* **COLLECTED MATERIAL**
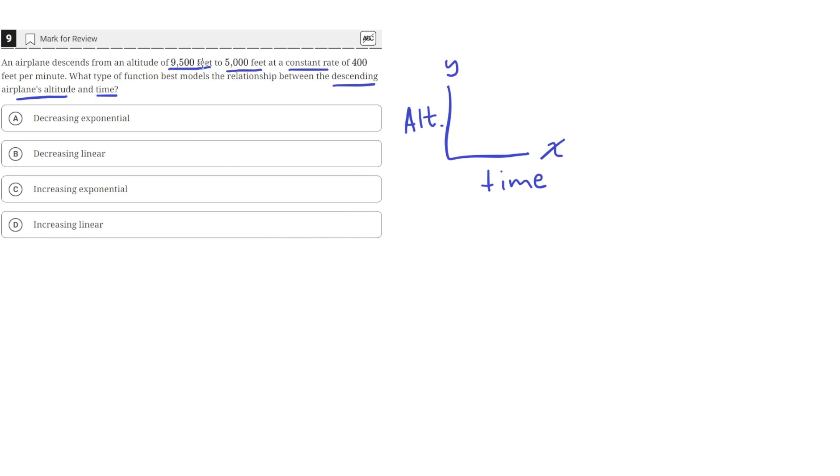Here it says that the airplane descends at a constant rate of 400 feet per minute. Since it's a constant rate of descending, we can conclude that the function has to be a linear function.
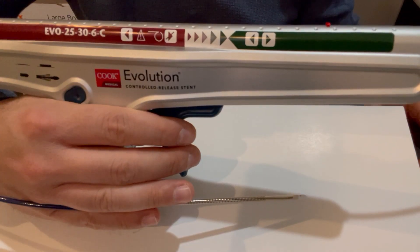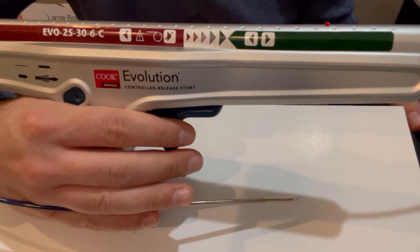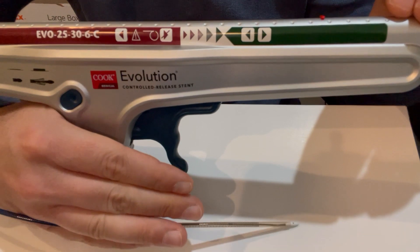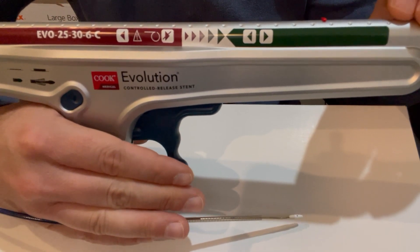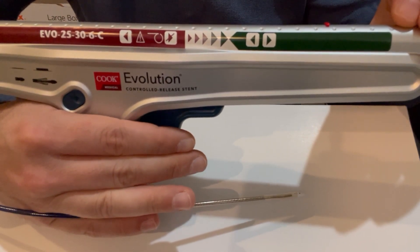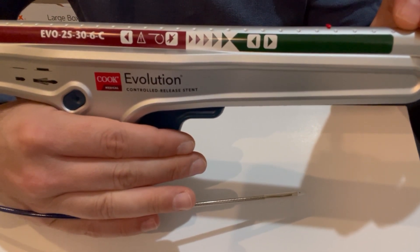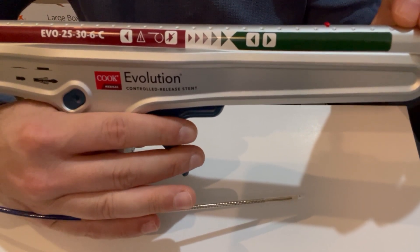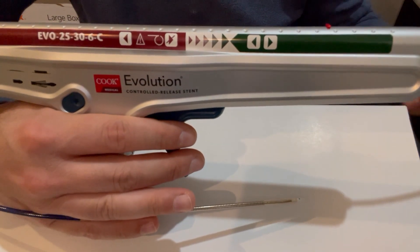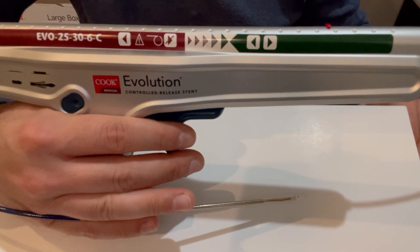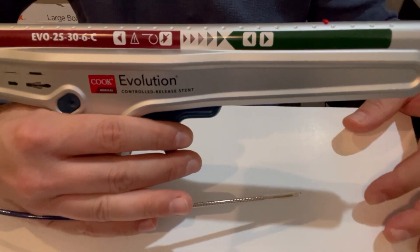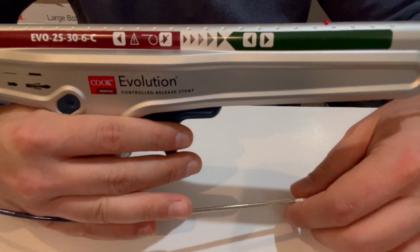So this is the deployment system. It's a gun-style self-deployment system that is 10 French compatible, 0.035 wire compatible, with a 250 centimeter shaft, super long, obviously designed for the colon.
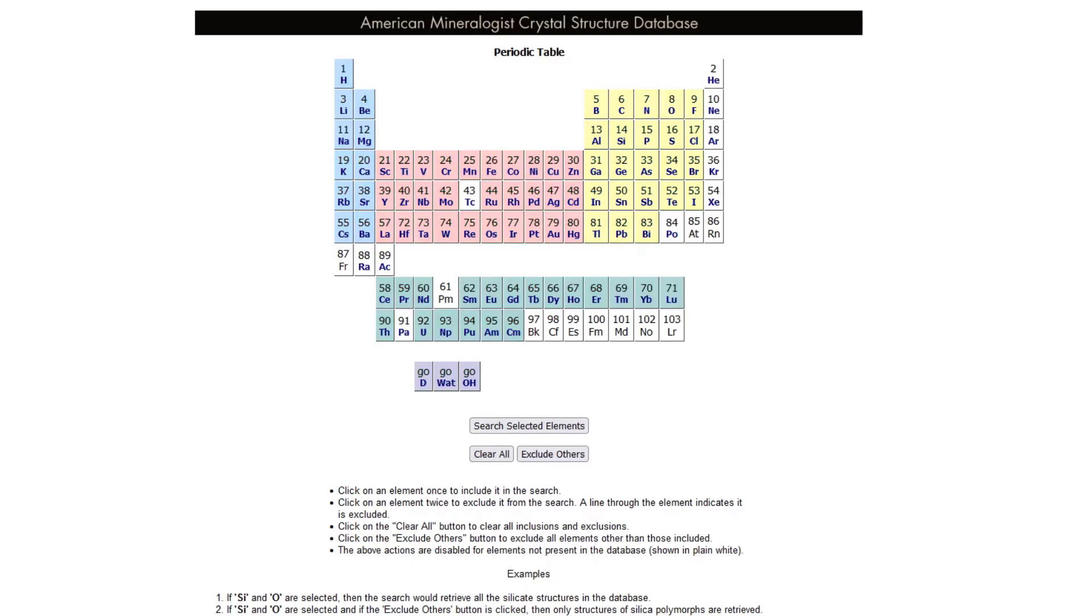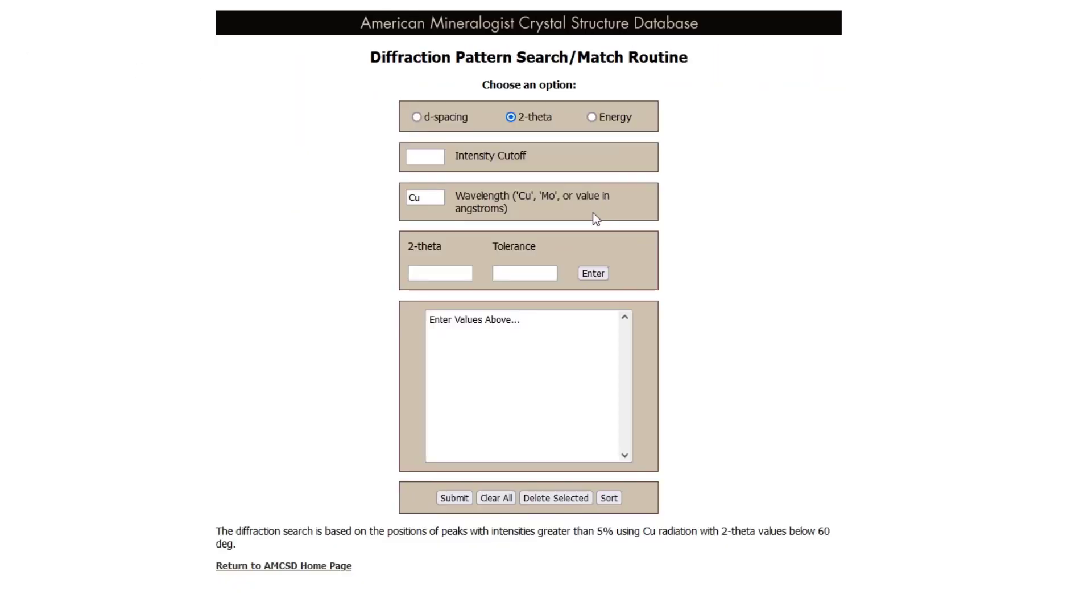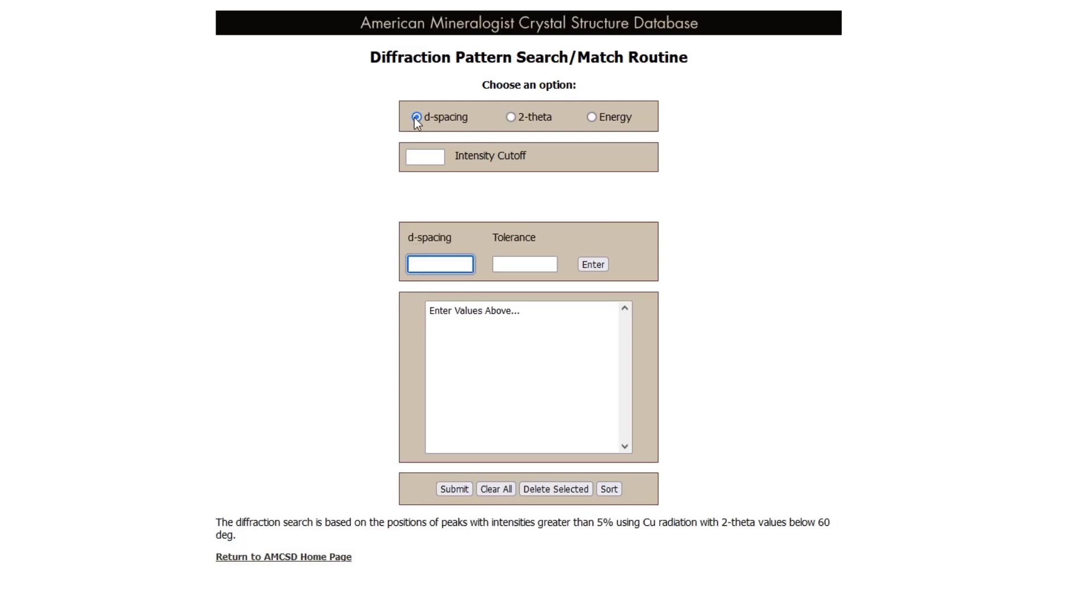Alternatively, we can use the D spacings that we measure and do a diffraction search. We select D spacing, we type in the values, and then the tolerance is plus or minus some value that you're willing to let the system accept. If you really have no idea what your phase could be, this is a good option.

* **INSTRUCTIONS TO FOLLOW**
Copy every line of the data word for word, omitting the images.

* **RESULT**
Here it says that the airplane descends at a constant rate of 400 feet per minute. Since it's a constant rate of descending, we can conclude that the function has to be a linear function.
So this is the deployment system. It's a gun-style self-deployment system that is 10 French compatible, 0.035 wire compatible, with a 250 centimeter shaft, super long, obviously designed for the colon.
Alternatively, we can use the D spacings that we measure and do a diffraction search. We select D spacing, we type in the values, and then the tolerance is plus or minus some value that you're willing to let the system accept. If you really have no idea what your phase could be, this is a good option.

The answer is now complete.